> TASK INPUTS

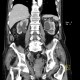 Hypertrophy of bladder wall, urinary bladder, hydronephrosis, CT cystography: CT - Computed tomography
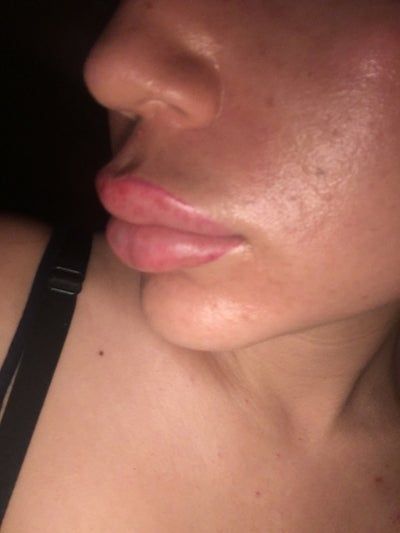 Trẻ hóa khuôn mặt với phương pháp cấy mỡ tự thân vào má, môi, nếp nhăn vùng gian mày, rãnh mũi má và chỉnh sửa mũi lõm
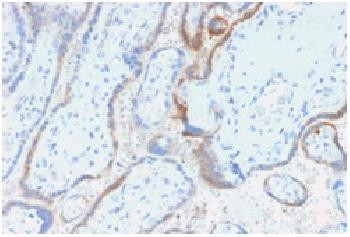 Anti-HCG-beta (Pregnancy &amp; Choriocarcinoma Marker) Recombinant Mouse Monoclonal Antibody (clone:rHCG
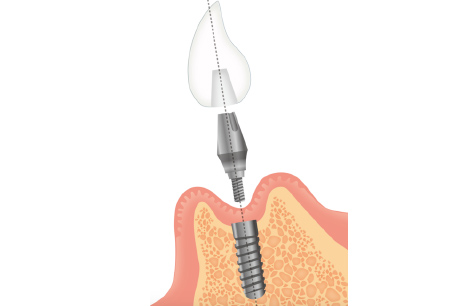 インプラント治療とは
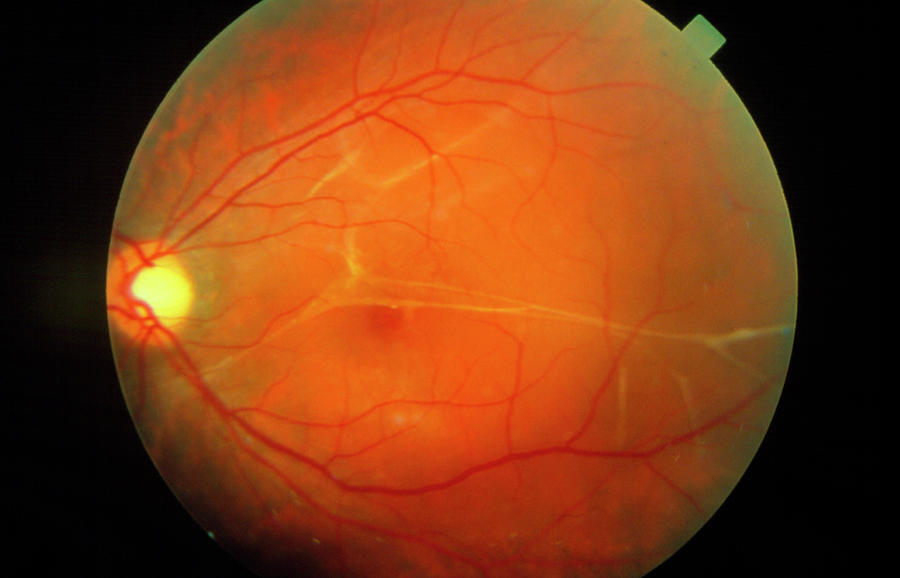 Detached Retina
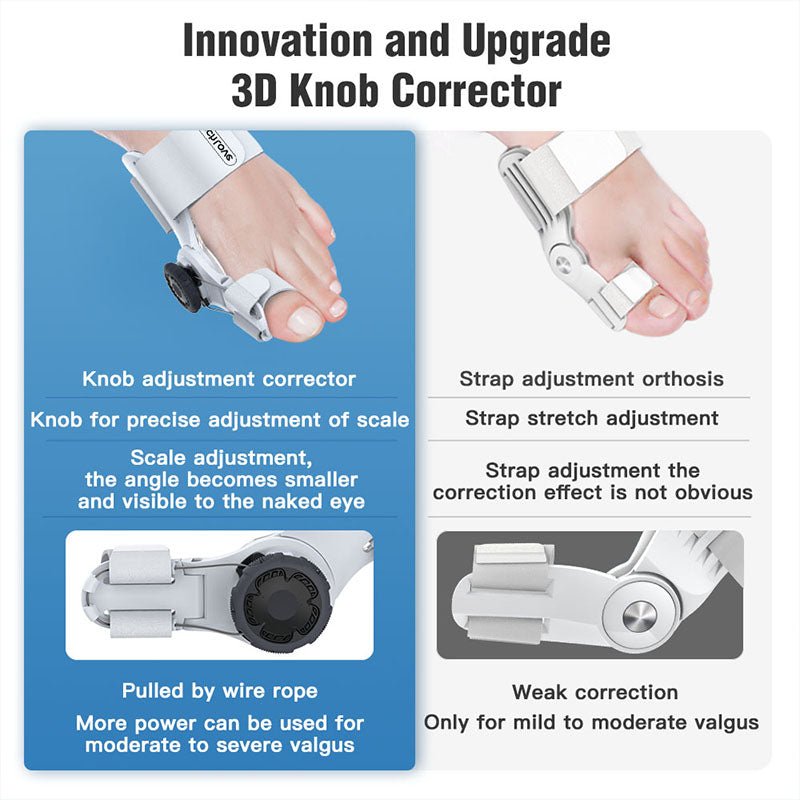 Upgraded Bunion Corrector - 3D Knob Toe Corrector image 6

---

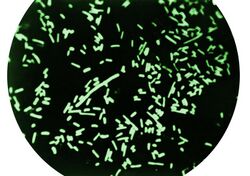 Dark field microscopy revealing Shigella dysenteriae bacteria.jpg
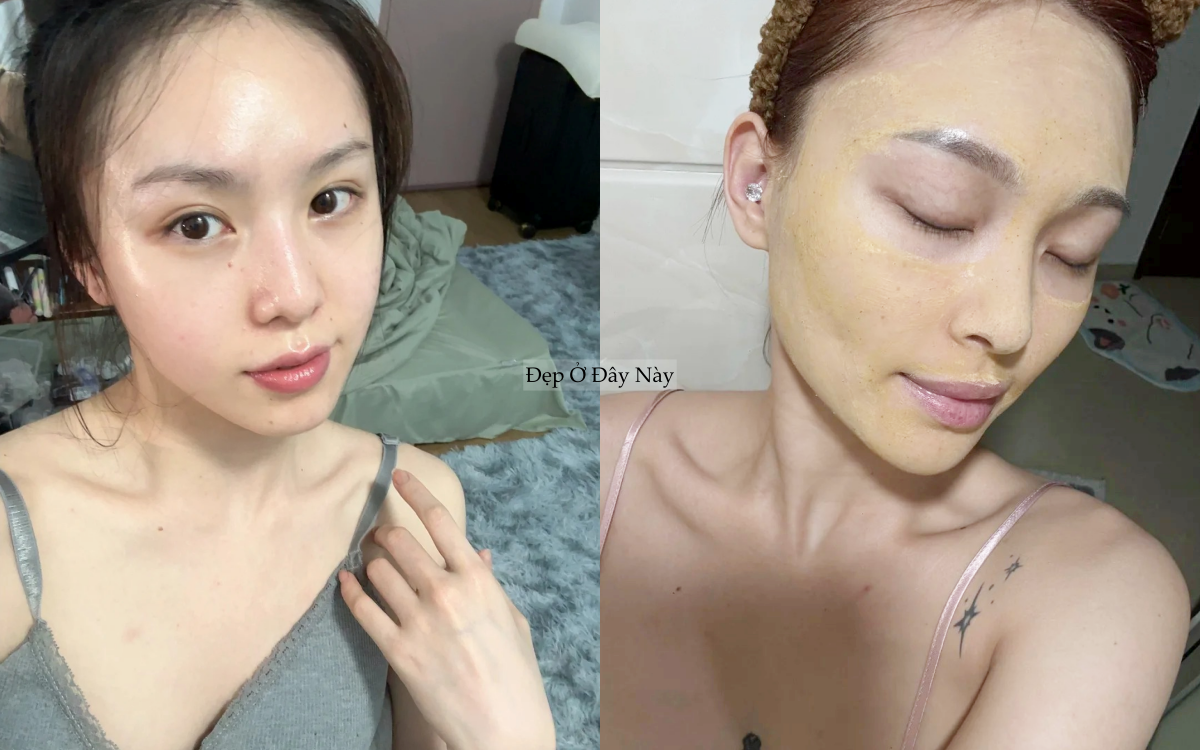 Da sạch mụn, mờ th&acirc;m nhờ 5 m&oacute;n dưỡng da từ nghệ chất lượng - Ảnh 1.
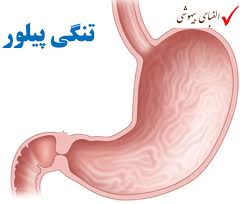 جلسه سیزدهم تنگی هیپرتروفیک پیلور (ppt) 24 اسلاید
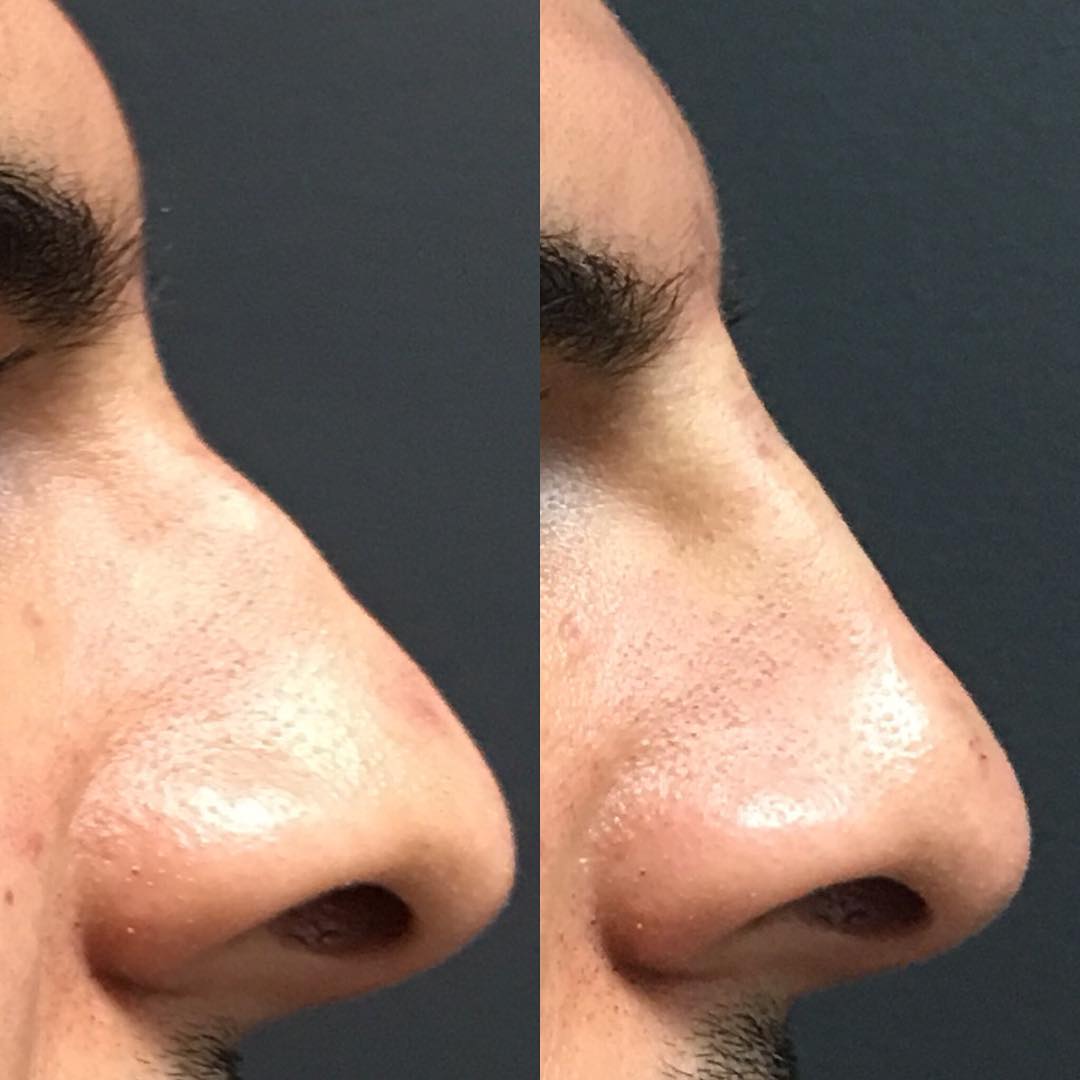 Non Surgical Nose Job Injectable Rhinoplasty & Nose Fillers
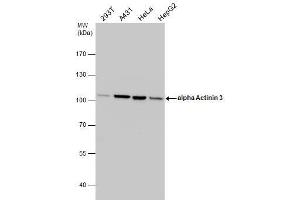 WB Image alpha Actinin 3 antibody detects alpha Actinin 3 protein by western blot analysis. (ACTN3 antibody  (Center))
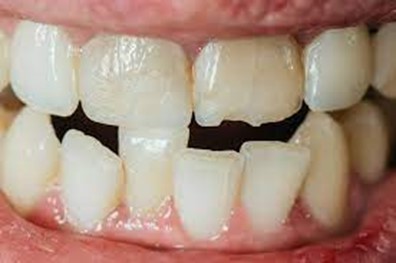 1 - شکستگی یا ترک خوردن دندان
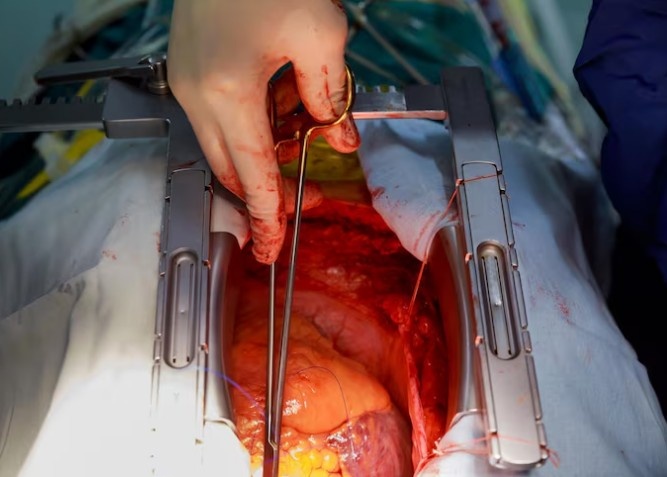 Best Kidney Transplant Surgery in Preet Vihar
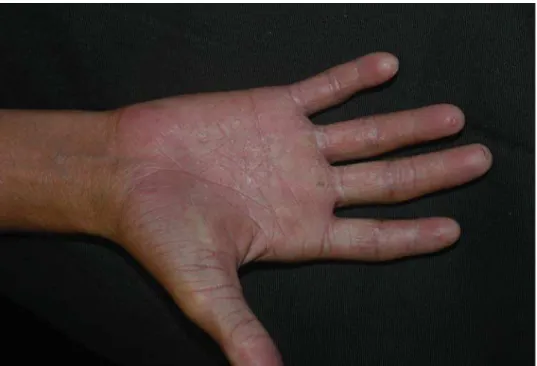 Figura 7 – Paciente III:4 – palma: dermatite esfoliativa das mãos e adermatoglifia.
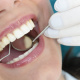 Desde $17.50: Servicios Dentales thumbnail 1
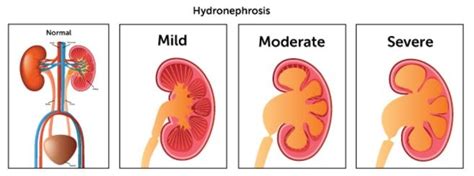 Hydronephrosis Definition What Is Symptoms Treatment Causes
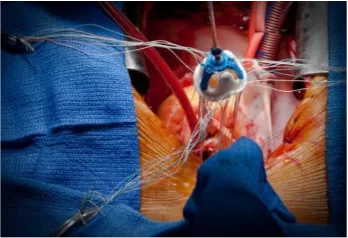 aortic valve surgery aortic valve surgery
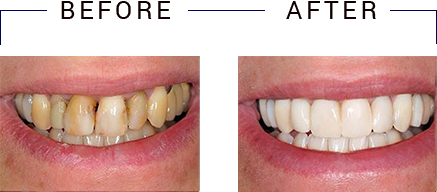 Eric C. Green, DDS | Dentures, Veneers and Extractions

--

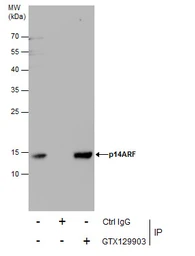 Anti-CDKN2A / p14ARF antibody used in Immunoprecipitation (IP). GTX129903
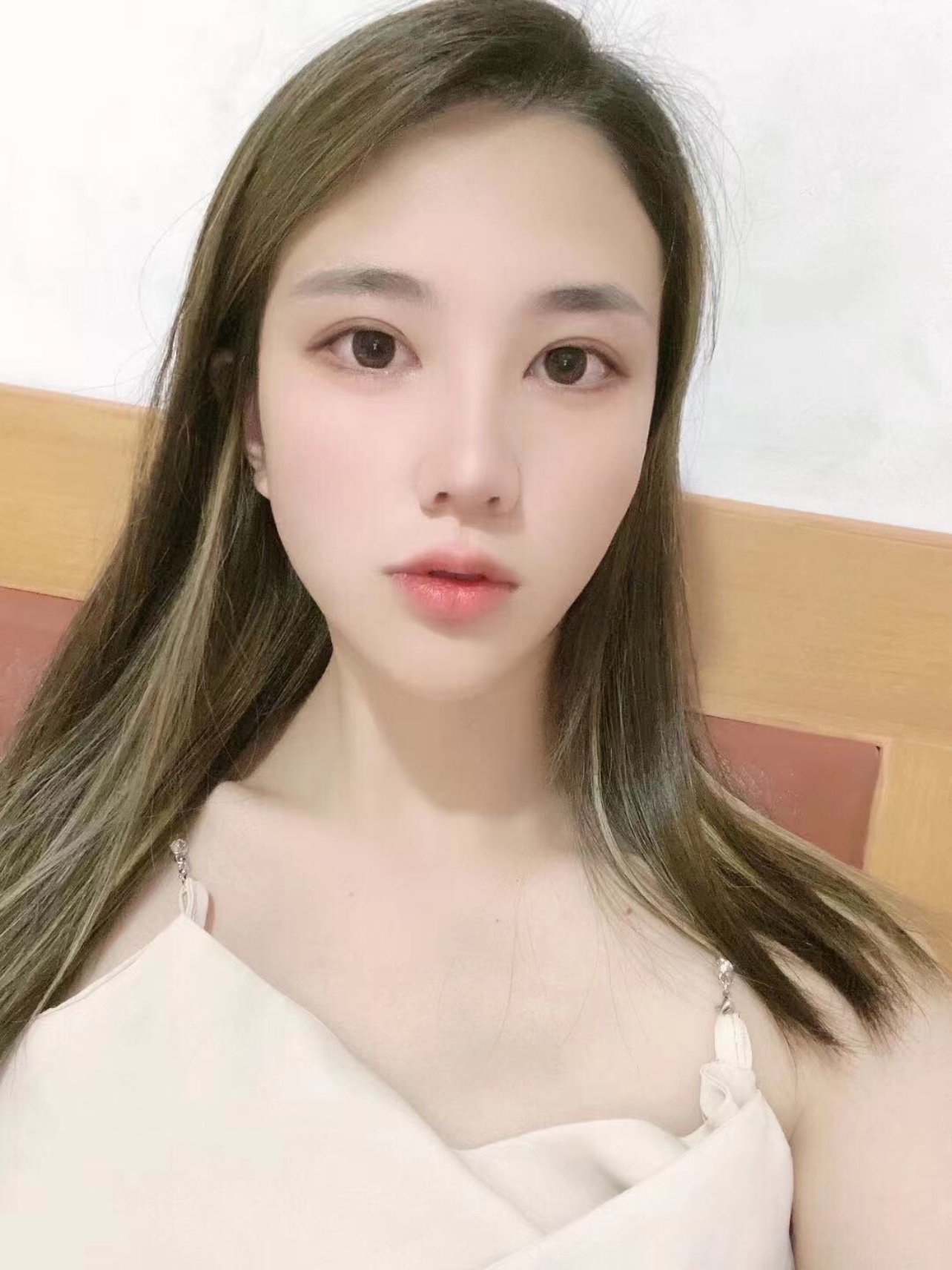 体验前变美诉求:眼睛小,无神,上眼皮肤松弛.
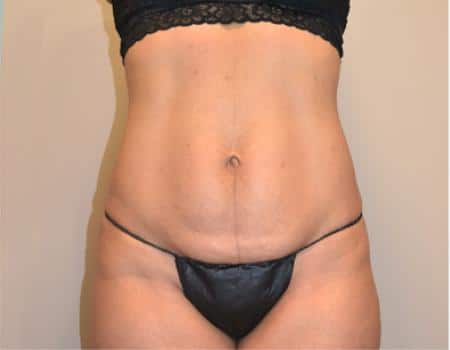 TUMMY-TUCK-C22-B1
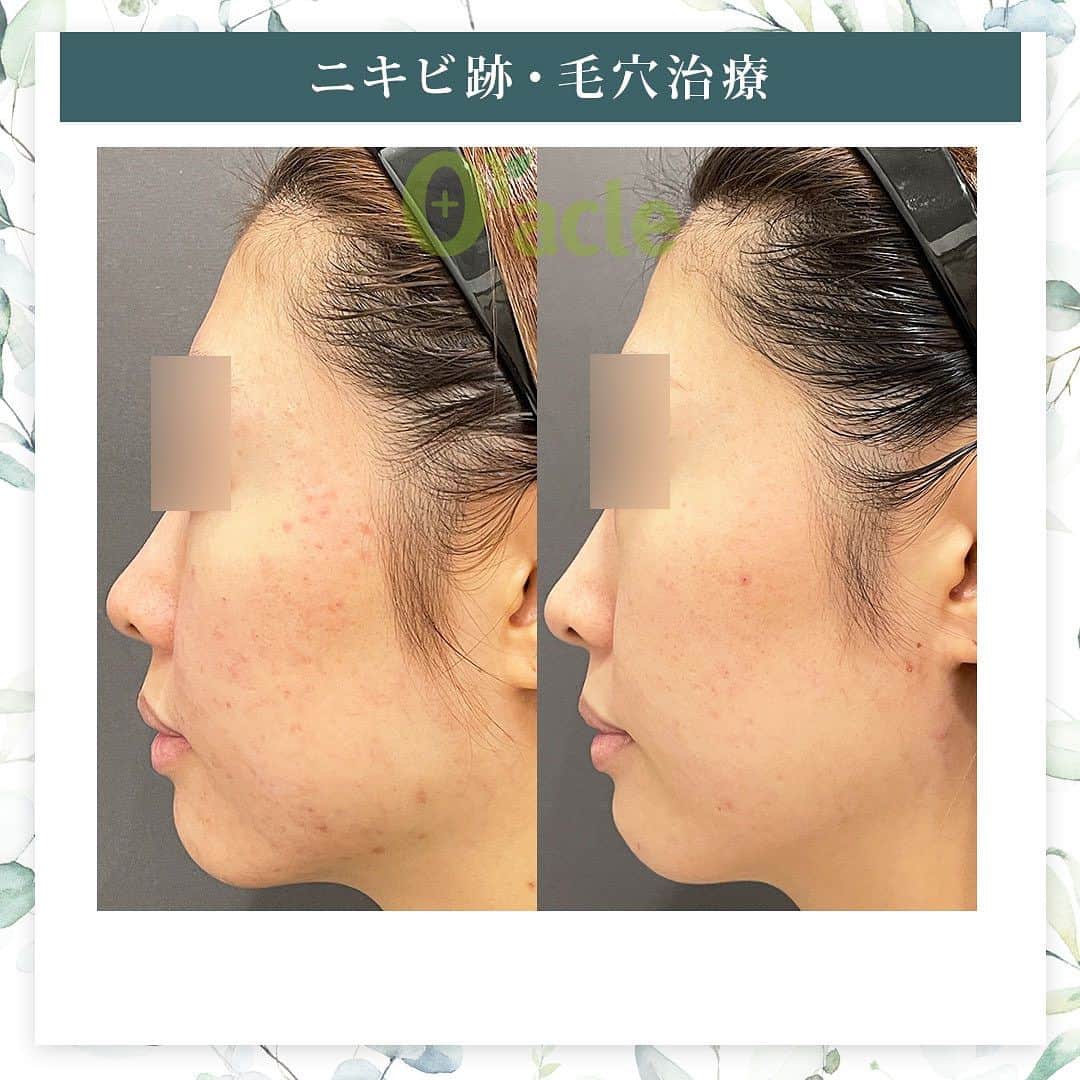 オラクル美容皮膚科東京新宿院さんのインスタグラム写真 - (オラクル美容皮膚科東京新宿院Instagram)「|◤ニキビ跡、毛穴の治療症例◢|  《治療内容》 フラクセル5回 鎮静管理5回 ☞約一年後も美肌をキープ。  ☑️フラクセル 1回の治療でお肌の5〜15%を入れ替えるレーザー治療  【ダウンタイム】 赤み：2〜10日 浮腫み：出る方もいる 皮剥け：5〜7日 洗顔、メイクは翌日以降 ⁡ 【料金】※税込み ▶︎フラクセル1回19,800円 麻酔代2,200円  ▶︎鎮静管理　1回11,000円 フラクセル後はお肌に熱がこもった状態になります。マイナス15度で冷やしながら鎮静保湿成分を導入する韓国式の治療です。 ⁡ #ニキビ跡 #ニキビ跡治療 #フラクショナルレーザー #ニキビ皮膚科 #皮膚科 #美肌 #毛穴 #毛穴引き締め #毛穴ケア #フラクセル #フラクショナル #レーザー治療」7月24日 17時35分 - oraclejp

> WHAT YOU SHOULD DO
Which part of the entries opens with the line containing "Hypertrophy of bladder" and closes with the line containing "Upgraded Bunion Corrector"? Output that part exactly, ends included, pictures excluded.

> SOLVED EXERCISE
 Hypertrophy of bladder wall, urinary bladder, hydronephrosis, CT cystography: CT - Computed tomography
 Trẻ hóa khuôn mặt với phương pháp cấy mỡ tự thân vào má, môi, nếp nhăn vùng gian mày, rãnh mũi má và chỉnh sửa mũi lõm
 Anti-HCG-beta (Pregnancy &amp; Choriocarcinoma Marker) Recombinant Mouse Monoclonal Antibody (clone:rHCG
 インプラント治療とは
 Detached Retina
 Upgraded Bunion Corrector - 3D Knob Toe Corrector image 6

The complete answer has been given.